You’re exactly right that the pleasantries, pageantry, wine and “I believe that’s what they call war” at the ivory towers of power obscures what’s occurring in the actual war. The shitty conduct of Lannister army (which, in this chapter, gets nicely symbolized by overflowing latrines outside of Harrenhal) is both an issue of war time practice but also a critique of the class structure of Westeros (and our own society) via the scale of the atrocities.

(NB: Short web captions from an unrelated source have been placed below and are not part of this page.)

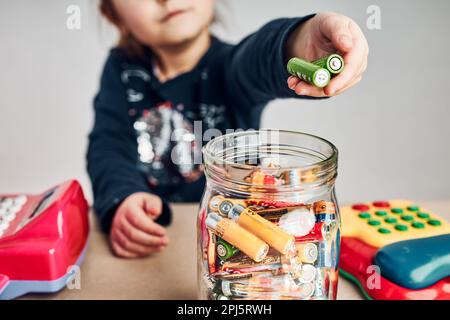 Kleines Mädchen, das gebrauchte Batterien zum Recycling in den Becher legte. Kinder trennen Abfall. Behälter nur für Batterien Stockfoto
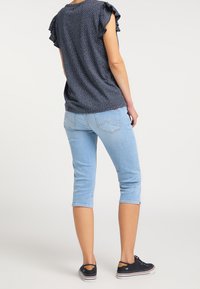 Mörkblå kortärmad topp med vita prickar, volangärmar, matchad med ljusblå korta jeans och svarta sneakers.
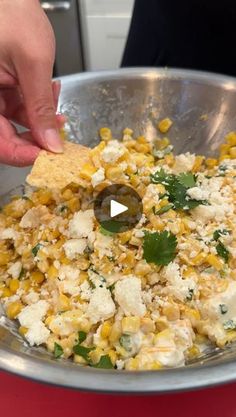 someone is dipping some tortilla chips into a bowl filled with corn and cheese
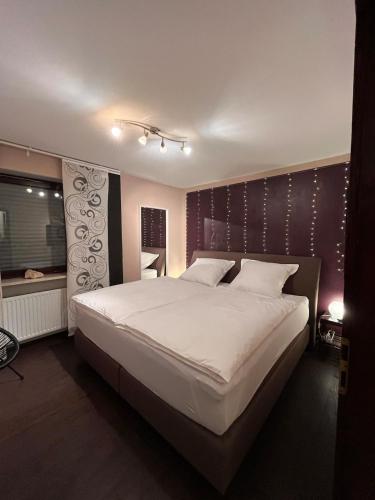 a bedroom with a large white bed and a window at Wunderschöne, große Gartenwohnung mit 3 Schlafzimmern Nähe Kaufbeuren in Untergermaringen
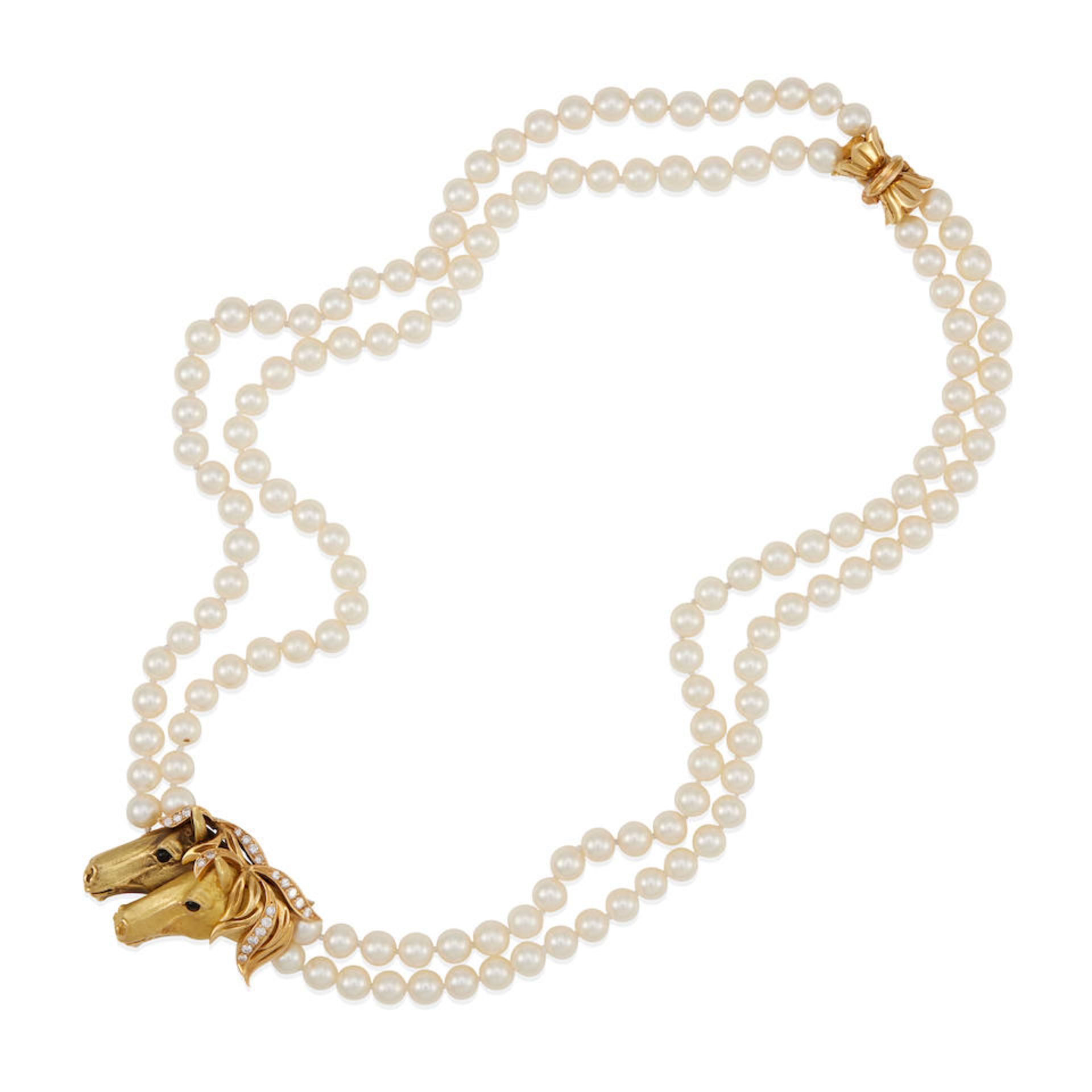 AN 18K GOLD, CULTURED PEARL ONYX AND DIAMOND NECKLACE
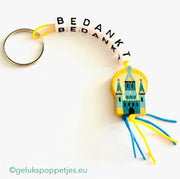 Sleutelhanger bedankt met gelukspoppetje kasteel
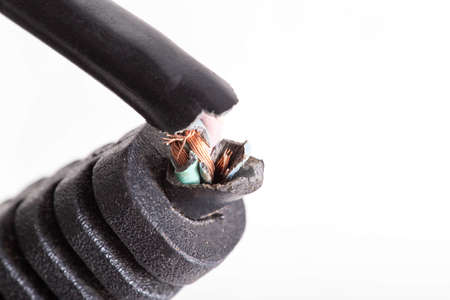 Broken electrical wire with a plug on a white background, isolate, close-up. Electric shock,...
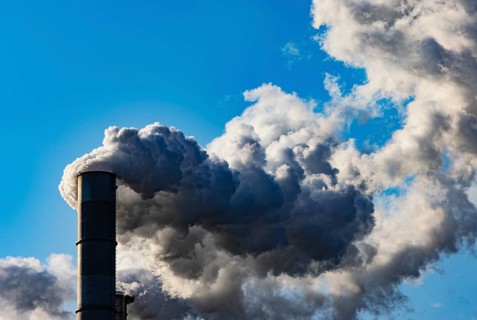 Smoke flows from a factory chimney against a blue sky, air pollution, industry, climate protection,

War is giving already evil people (Chiswyck’s story from Arya VII) the opportunity to do evil on an industrial scale. As horrible as the rape of the innkeeper’s daughter and murder of his son are and as disquieting as Ned finds the reported atrocities of Gregor Clegane back in AGOT to be, Gregor’s crimes are isolated with the great lords of Westeros unaware of the crimes or IMO, more likely turning a blind eye to them. But now war is here, and instead of an inn or the keep of an anointed knight, the rapes, murders, tortures that were once isolated are now common-practice by Lannister goons and sanctioned by one of the most powerful lords in Westeros: Tywin Lannister.

Foreshadowing/Groundwork

Once more we see George building up the reputation of Beric Dondarrion from afar. Here, in this chapter all about the boot crashing down on your neck, he is framed as the one person outside Lannister control, the spark of hope amidst a sea of blood. Then again, while he and Thoros “pay” for what the Brotherhood takes, some of the smallfolk aren’t happy with that either. 

Arya will never get the chance to practice Weese’s command that the smallfolk must never look the highborn in the eye, nor speak until spoken to, nor get in his lordship's way, but this becomes a tension point when Roose Bolton is lord of Harrenhal and Arya his cupbearer. The one time Arya presumes to speak to his lordship without being spoken to, Roose casually threatens to cut out her tongue (though he does answer her question) 

Theory/Discussion

How do we think Arya’s list is going to play out?